PROBLEM DETAILS:
How do the lines below between the ones holding "ENGLAND team FIFA" and "Will Shipley - #173", inclusive, read? Give them again exactly, with no other lines.

RECORDS FOR PROCESSING:
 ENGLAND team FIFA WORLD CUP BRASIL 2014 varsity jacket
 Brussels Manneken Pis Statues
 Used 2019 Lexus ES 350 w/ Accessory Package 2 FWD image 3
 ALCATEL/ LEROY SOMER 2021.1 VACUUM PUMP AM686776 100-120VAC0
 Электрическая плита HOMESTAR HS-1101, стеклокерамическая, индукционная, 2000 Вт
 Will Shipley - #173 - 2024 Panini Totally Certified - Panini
...
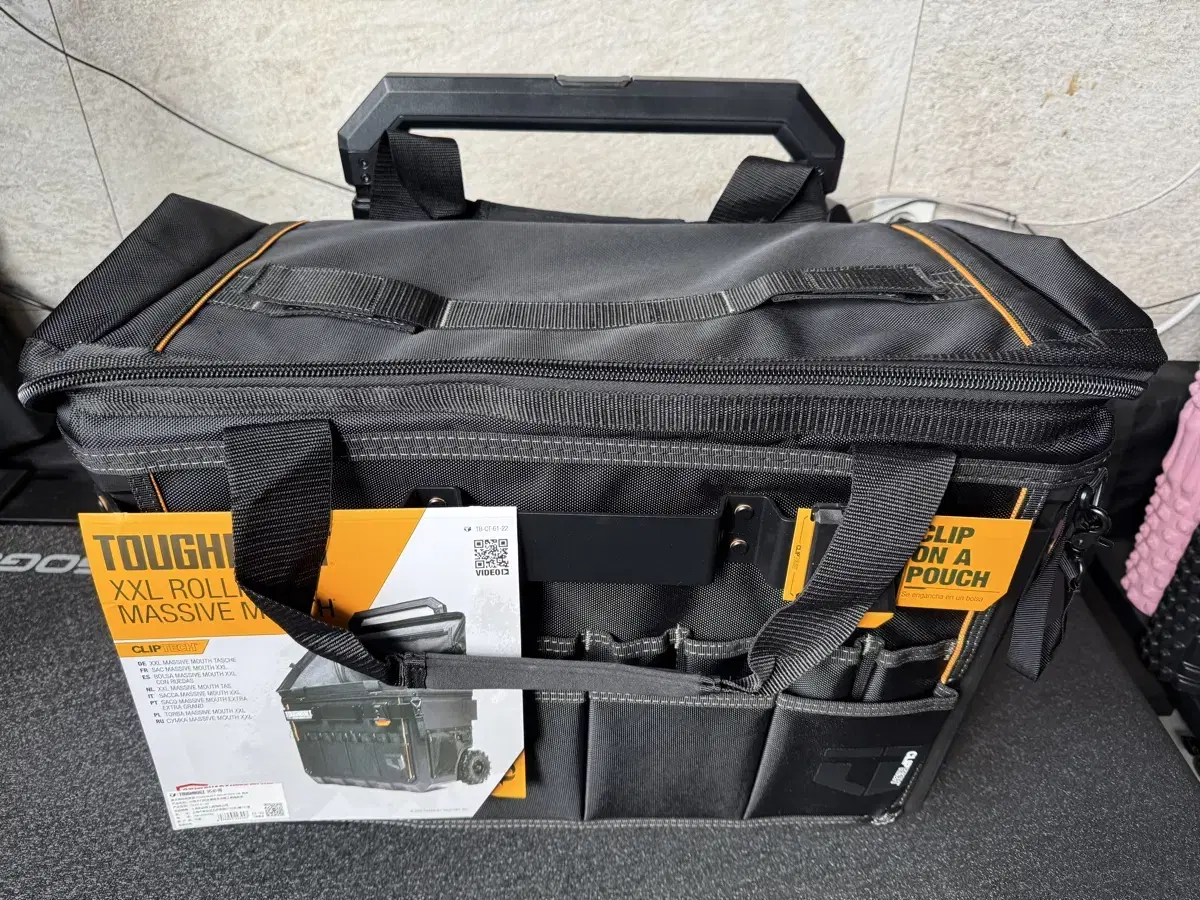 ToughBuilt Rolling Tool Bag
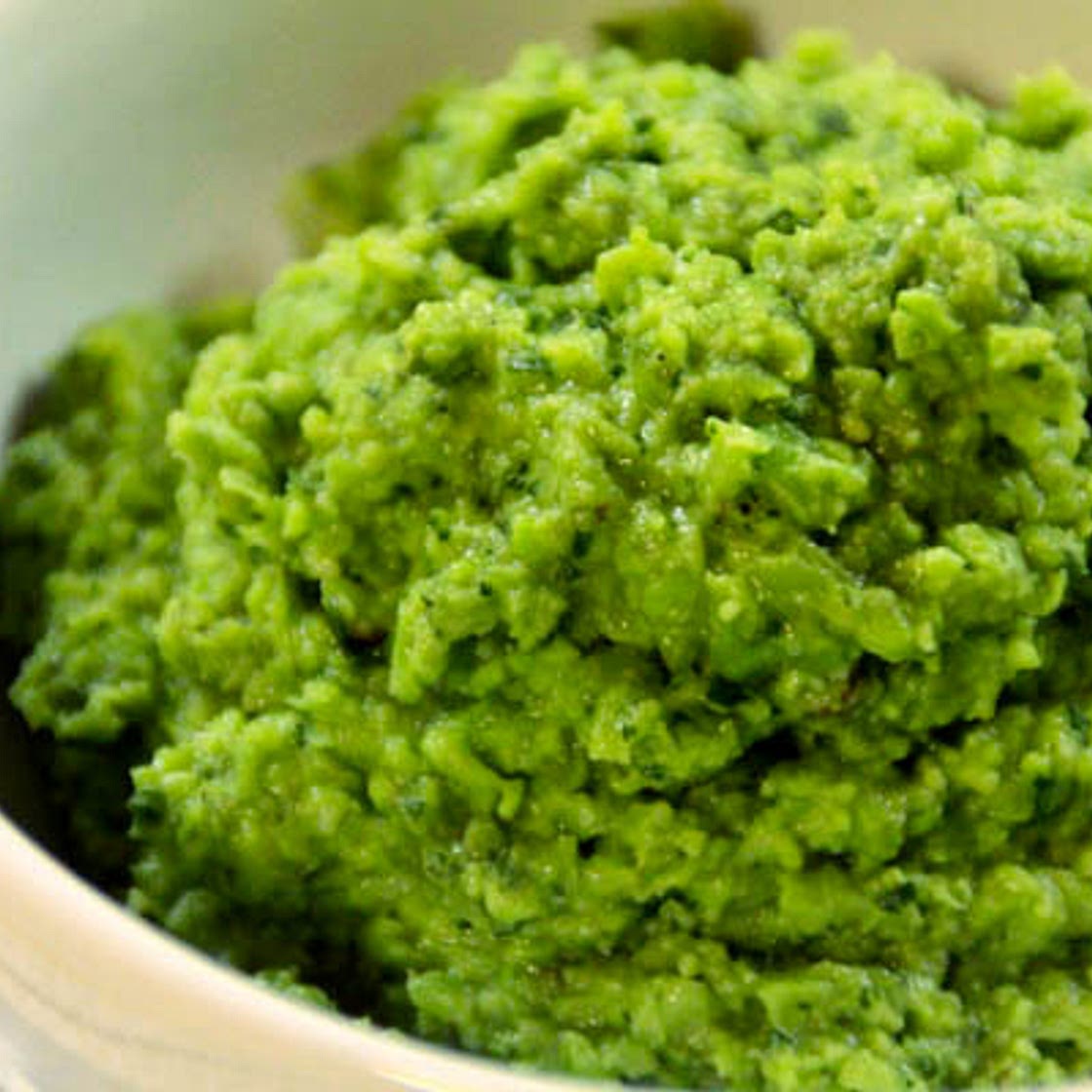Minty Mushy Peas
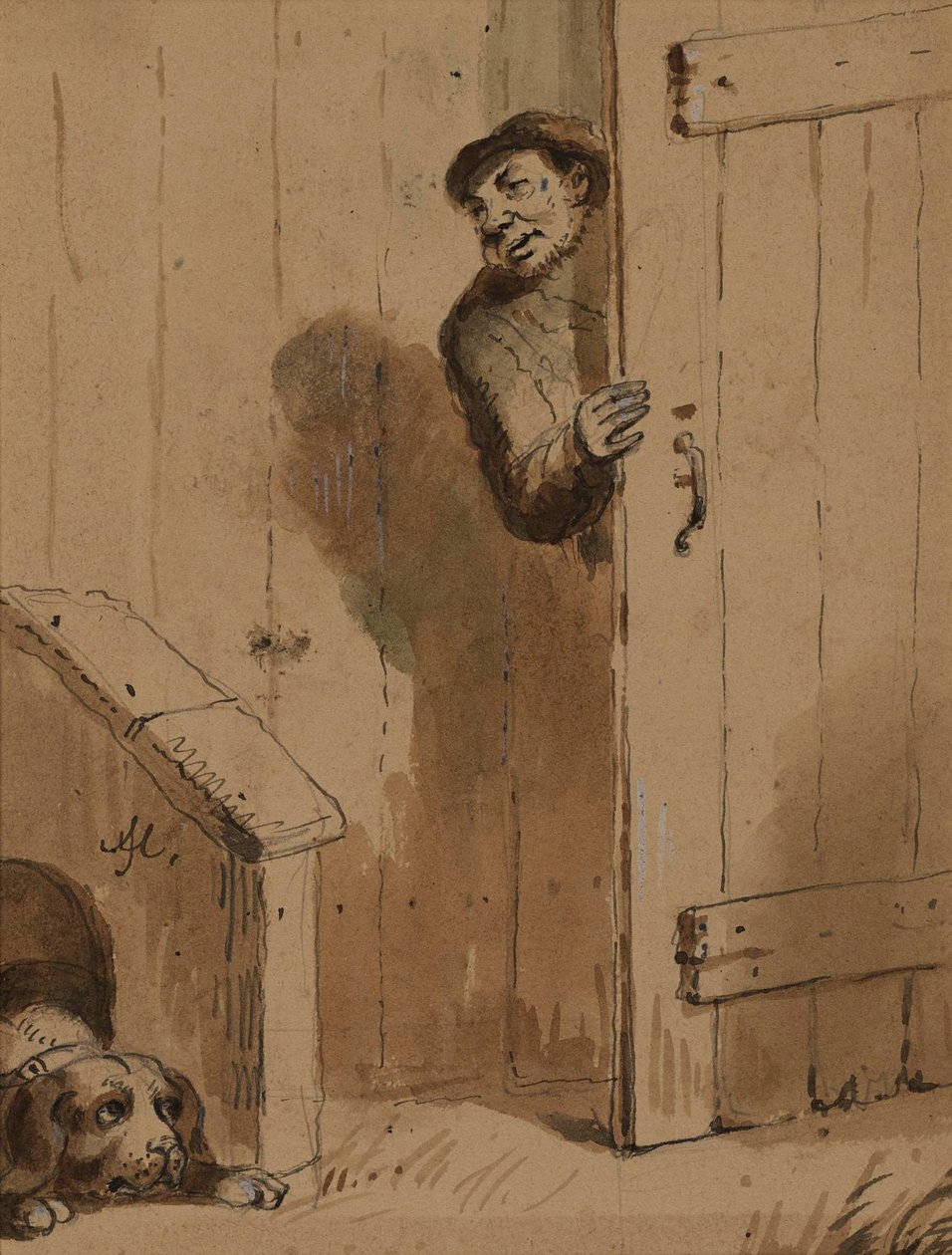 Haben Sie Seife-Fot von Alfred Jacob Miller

OUTPUT FOR THIS EXERCISE:
 ENGLAND team FIFA WORLD CUP BRASIL 2014 varsity jacket
 Brussels Manneken Pis Statues
 Used 2019 Lexus ES 350 w/ Accessory Package 2 FWD image 3
 ALCATEL/ LEROY SOMER 2021.1 VACUUM PUMP AM686776 100-120VAC0
 Электрическая плита HOMESTAR HS-1101, стеклокерамическая, индукционная, 2000 Вт
 Will Shipley - #173 - 2024 Panini Totally Certified - Panini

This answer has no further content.